## Instructions for the task:
In these records, how many lines contain "Paris"? Please reply with the number only.

## Extracted entries:
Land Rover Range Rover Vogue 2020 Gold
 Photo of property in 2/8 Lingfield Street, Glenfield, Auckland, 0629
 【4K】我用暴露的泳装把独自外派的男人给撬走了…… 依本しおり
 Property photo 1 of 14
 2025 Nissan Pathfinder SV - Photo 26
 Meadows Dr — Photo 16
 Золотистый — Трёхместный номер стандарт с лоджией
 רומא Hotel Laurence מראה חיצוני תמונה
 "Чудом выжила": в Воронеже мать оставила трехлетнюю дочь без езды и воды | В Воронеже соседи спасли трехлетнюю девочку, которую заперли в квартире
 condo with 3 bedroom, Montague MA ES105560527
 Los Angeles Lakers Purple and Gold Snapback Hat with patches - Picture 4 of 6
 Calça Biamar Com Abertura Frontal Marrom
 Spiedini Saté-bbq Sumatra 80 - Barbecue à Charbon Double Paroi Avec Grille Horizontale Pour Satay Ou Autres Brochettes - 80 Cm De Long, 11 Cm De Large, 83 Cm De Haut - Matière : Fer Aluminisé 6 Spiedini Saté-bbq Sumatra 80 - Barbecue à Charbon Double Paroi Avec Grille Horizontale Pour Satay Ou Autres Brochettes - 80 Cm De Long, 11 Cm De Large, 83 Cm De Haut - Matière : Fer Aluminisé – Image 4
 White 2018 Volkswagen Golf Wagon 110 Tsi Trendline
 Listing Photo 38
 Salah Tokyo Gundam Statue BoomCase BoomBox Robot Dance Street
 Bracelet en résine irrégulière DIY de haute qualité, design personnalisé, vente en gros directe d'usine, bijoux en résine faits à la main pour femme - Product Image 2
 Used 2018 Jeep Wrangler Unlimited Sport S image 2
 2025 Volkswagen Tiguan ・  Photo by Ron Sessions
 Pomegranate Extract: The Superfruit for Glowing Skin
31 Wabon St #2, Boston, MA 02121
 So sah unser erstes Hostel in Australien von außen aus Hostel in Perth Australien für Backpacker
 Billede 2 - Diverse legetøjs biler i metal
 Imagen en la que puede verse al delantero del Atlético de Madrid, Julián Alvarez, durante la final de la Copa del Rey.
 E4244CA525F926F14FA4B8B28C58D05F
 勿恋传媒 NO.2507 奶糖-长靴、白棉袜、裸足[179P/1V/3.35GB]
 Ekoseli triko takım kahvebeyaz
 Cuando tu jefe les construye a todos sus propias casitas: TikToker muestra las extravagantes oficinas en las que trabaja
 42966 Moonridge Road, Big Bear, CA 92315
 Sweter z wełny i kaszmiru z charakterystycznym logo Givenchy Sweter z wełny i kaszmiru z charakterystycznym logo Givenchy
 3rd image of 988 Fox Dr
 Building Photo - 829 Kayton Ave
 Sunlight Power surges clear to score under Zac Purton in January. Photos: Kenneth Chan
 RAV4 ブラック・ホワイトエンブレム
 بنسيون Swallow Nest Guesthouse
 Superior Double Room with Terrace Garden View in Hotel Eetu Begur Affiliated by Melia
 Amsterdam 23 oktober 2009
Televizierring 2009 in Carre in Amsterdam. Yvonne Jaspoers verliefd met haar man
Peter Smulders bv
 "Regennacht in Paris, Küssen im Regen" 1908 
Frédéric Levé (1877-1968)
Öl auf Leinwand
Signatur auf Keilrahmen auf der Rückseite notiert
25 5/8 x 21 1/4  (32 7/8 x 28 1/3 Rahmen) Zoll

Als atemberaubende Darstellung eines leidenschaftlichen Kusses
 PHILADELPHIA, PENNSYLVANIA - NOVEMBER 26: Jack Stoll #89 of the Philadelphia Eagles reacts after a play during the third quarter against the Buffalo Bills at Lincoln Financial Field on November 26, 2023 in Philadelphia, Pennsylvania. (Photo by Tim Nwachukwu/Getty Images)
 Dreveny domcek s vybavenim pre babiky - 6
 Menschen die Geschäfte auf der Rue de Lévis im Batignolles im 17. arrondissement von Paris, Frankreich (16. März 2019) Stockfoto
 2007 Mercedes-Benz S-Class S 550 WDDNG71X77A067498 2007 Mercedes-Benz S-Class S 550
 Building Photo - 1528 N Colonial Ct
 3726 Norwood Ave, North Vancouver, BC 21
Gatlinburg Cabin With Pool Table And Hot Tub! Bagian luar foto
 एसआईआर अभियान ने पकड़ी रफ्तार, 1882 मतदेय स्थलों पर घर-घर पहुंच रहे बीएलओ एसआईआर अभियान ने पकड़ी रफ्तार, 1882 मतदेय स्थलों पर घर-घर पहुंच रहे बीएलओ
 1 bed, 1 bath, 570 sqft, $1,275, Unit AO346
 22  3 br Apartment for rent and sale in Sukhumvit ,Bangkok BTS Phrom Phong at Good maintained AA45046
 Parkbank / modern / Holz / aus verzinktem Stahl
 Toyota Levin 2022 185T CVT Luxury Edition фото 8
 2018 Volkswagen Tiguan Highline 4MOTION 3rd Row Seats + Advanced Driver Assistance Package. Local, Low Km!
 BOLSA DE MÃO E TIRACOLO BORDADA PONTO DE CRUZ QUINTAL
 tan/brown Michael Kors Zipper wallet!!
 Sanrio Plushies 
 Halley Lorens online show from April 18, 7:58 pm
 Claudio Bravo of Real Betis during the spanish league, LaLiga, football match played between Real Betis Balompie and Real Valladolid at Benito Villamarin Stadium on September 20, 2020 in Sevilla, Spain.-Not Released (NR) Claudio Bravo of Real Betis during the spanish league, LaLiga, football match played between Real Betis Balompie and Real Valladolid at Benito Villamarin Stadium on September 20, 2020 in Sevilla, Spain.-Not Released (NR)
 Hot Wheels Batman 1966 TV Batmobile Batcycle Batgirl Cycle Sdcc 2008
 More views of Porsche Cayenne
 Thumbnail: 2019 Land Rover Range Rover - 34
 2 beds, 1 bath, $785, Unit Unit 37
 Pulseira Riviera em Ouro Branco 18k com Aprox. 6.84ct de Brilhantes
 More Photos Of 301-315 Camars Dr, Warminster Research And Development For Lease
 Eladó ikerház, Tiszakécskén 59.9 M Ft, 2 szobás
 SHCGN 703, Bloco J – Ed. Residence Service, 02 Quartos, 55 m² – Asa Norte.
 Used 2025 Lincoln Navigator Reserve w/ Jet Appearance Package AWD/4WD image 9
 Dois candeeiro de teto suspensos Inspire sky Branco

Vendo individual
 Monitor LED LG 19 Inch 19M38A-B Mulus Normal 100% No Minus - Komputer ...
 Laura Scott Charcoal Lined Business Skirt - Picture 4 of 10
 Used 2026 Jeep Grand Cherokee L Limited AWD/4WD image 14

## The answer:
2